The Mister
- Author: E. L. James
- Audio read by: Dominic Thorburn, Jessica O'Hara-Baker
- Language: English
- Genre: Romance
- Set in: London, Cornwall and Albania, 2019
- Published: 16 April 2019
- Publisher: Vintage Books
- Publication place: United Kingdom
- Media type: Print: paperback
- Pages: 624
- ISBN: 978-1984898326
- Dewey Decimal: 823.92
- Website: www.eljamesauthor.com/books/the-mister/

= The Mister =

2019 novel by E. L. James

The Mister is a 2019 romance novel by E. L. James.

==Plot==
English aristocrat Maxim Trevelyan inherits the Earldom of Trevethick following the sudden death of his elder brother, Kit. He develops feelings for his housekeeper, Alessia Demachi, an undocumented Albanian immigrant. After two strangers arrive at his London apartment searching for Alessia, Maxim takes her to his residence in Cornwall for her safety. While there, Maxim begins a sexual relationship with Alessia but conceals his noble title. When Alessia discovers Maxim is an earl, she attempts to leave him but is unsuccessful; they later reconcile. Alessia reveals she is fleeing an abusive fiancé, who subsequently kidnaps her, prompting Maxim to travel to Albania to find her. Maxim eventually reaches Alessia's family home and asks for her hand in marriage.
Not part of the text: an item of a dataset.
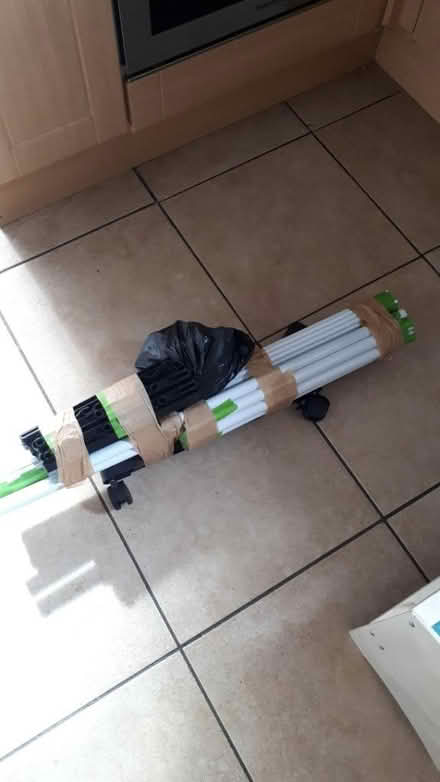 Photo of free Airer (Slough Britwell area SL2) #1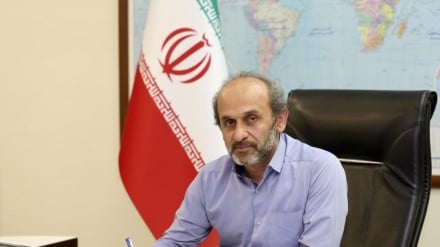 پیام رئیس صداوسیمای ایران پس از حمله اسرائیل به ساختمان این سازمان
Alessia arrives shortly afterward, reveals the truth about her fiancé to her father, and she and Maxim marry.

==Reception==
The Guardian described the novel as "A coked-up lord bonks a trafficked Albanian immigrant as the Fifty Shades of Grey author swaps BDSM for dispiritingly creepy power games," adding that "there is a complete dearth of emotional maturity that is genuinely unsettling." Jezebel wrote that "the narrative is so committed to sexualizing Alessia's vulnerability and powerlessness that the result is offensive." The Atlantic called it "hopelessly retrograde and dismally unentertaining." In a positive review, Booklist stated that "the book's belief in the infinitely transformative power of love will hit the sweet spot for readers looking to be swept away."

== Film adaptation ==
On 25 February 2020 Variety announced that Universal Pictures would produce a film adaptation of The Mister.